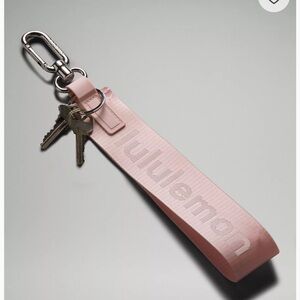 Lululemon Keychain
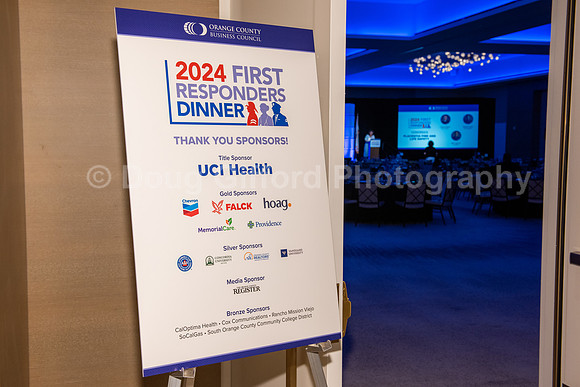 Orange County Business Council - 2024 First Responders Dinner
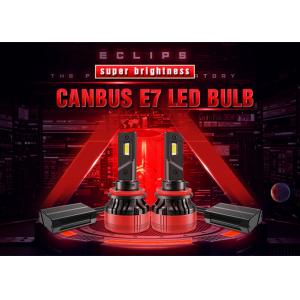 12V 6500K IP67 H7 Car LED Headlight Bulb 55W 12000LM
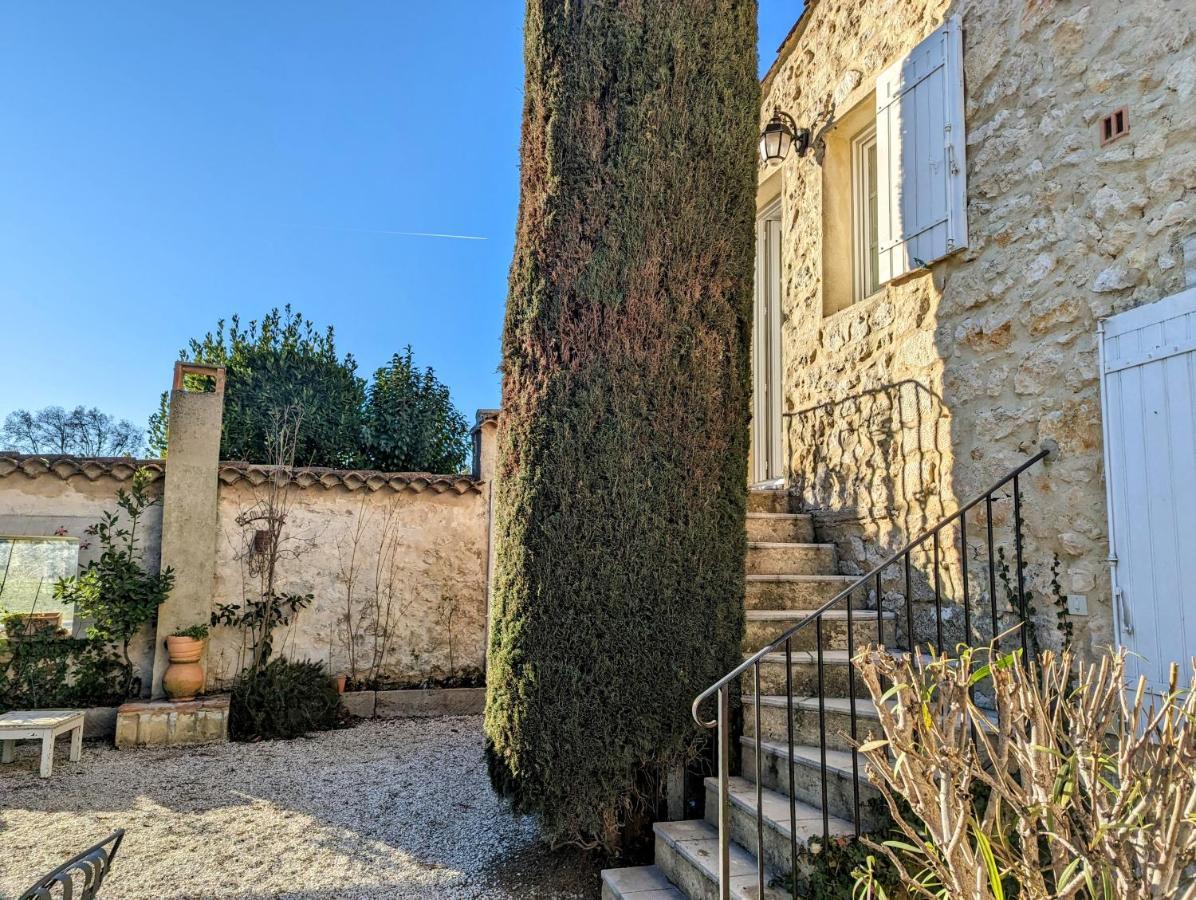 Chambre D'Hotes - B&B - Fleur De Coton Chez Manon En Luberon Lagnes Exterior foto
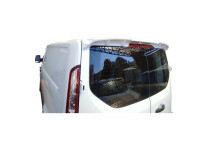 Dakspoiler passend voor Ford Transit Custom 2012- (met 2 achterdeuren) (PU)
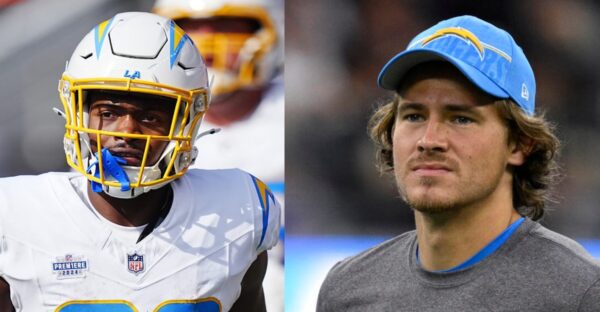 JK Dobbins Takes a Cheeky Dig at Justin Herbert and Chargers After Signing for Rivals Broncos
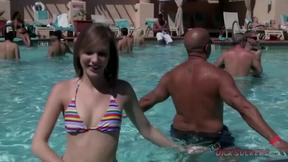 ”Poolside Pleasure - Megan Smalls”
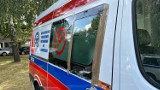Napad na ratowników medycznych w Katowicach. Mężczyzna pod wpływem alkoholu zdemolował karetkę pogotowia ratunkowego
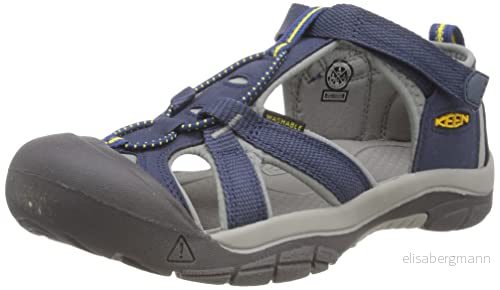 KEEN Venedig H2, unisex barnsandaler, Maringrå, 32/33 EU 191190106051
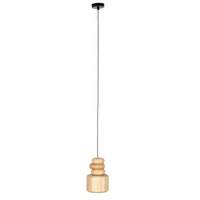 Dicky hanglamp natuurlijke eik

◇ ◇ ◇

Print the data again, word for word, without any pictures.

 Lululemon Keychain
 Orange County Business Council - 2024 First Responders Dinner
 12V 6500K IP67 H7 Car LED Headlight Bulb 55W 12000LM
 Chambre D'Hotes - B&B - Fleur De Coton Chez Manon En Luberon Lagnes Exterior foto
 Dakspoiler passend voor Ford Transit Custom 2012- (met 2 achterdeuren) (PU)
 JK Dobbins Takes a Cheeky Dig at Justin Herbert and Chargers After Signing for Rivals Broncos
 ”Poolside Pleasure - Megan Smalls”
Napad na ratowników medycznych w Katowicach. Mężczyzna pod wpływem alkoholu zdemolował karetkę pogotowia ratunkowego
 KEEN Venedig H2, unisex barnsandaler, Maringrå, 32/33 EU 191190106051
 Dicky hanglamp natuurlijke eik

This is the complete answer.